Revenues fell 2% year over year to $806 million. However, the top line surpassed the Zacks Consensus Estimate of $793 million. The decrease in sales was primarily due to a decline in the commercial truck volume in North America, caused by lower production of Class 8 trucks.
Meritor’s adjusted EBITDA increased to $82 million from $81 million in the year-ago quarter. Adjusted EBITDA margin was 10.2% compared with 9.9% in the year-ago quarter. The fiscal second-quarter figure includes a charge of $10 millionfor a legal contingency related to a dispute with a joint venture. Despite this charge, adjusted EBITDA and EBITDA margin increased on a year-over-year basis, driven by good material, labor and burden performance, favorable foreign exchange and mix.
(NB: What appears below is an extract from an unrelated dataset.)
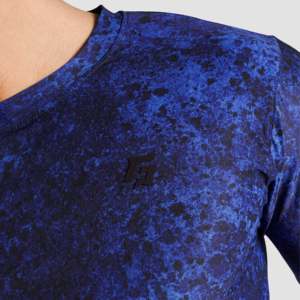 เสื้อเชิ้ตผ้าฝ้ายพิมพ์ลายสไตล์ลำลองติดกระดุมสำหรับผู้ชาย สีน้ำเงิน สไตล์ตะวันตก เหมาะสำหรับใส่ทำงานหรือพักผ่อน แขนสั้น - Product Image 5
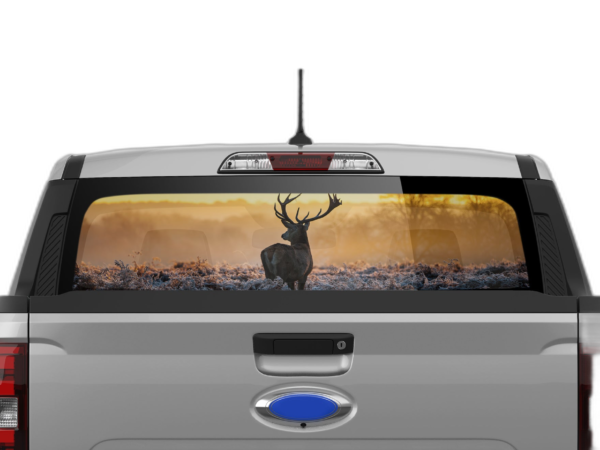 Wild deer perforated rear window decal graphics compatible with Ford Maverick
Revenues from the Commercial Truck & Industrial segment fell $11 million to $620 million in the reported quarter. Segment adjusted EBITDA declined $2 million to $54 million. EBITDA margin decreased to 8.7% from 8.9% in the prior-year quarter, primarily due to legal charges and higher steel prices. This was partially offset by operational performance, foreign exchange and favorable mix.
Revenues from the Aftermarket & Trailer segment was $215 million compared with $218 million in a year-ago quarter due to lower U.S. trailer production, partially offset by higher aftermarket revenues. Segment EBITDA was $30 million, up $2 million from the year-ago quarter. EBITDA margin was 14% compared with 12.8% a year ago. The margin improvement was backed by robust labor and burden performance.
Financial Position
Meritor’s cash and cash equivalents totaled $138 million as of Mar 31, 2017 compared with $160 million as of Sep 30, 2016. Total debt decreased to $857 million as of Mar 31, 2017 from $982 million as of Sep 30, 2016.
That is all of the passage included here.